## SUPPLIED INFORMATION
......

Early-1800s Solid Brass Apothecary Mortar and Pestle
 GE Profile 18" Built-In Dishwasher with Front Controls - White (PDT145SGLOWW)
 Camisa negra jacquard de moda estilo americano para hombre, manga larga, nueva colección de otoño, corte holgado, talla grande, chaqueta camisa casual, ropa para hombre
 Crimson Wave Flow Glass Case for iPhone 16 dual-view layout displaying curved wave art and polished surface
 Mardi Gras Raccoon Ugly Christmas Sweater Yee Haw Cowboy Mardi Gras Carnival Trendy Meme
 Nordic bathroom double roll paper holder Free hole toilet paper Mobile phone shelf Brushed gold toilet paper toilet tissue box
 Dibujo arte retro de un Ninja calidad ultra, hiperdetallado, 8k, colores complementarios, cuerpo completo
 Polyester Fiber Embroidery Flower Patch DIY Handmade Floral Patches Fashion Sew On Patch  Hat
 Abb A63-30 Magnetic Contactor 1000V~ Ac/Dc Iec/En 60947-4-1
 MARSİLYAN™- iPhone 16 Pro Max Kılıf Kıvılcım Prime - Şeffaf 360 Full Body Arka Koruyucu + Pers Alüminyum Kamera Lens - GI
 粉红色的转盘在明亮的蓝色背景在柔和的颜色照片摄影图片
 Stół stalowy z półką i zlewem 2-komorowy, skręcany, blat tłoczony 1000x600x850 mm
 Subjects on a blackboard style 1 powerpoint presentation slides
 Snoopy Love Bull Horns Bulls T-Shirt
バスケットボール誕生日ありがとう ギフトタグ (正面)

......

## WORK ORDER
Search the material above for the word "iPhone", then copy each line that holds it.

## EXERCISE ANSWER
 Crimson Wave Flow Glass Case for iPhone 16 dual-view layout displaying curved wave art and polished surface
 MARSİLYAN™- iPhone 16 Pro Max Kılıf Kıvılcım Prime - Şeffaf 360 Full Body Arka Koruyucu + Pers Alüminyum Kamera Lens - GI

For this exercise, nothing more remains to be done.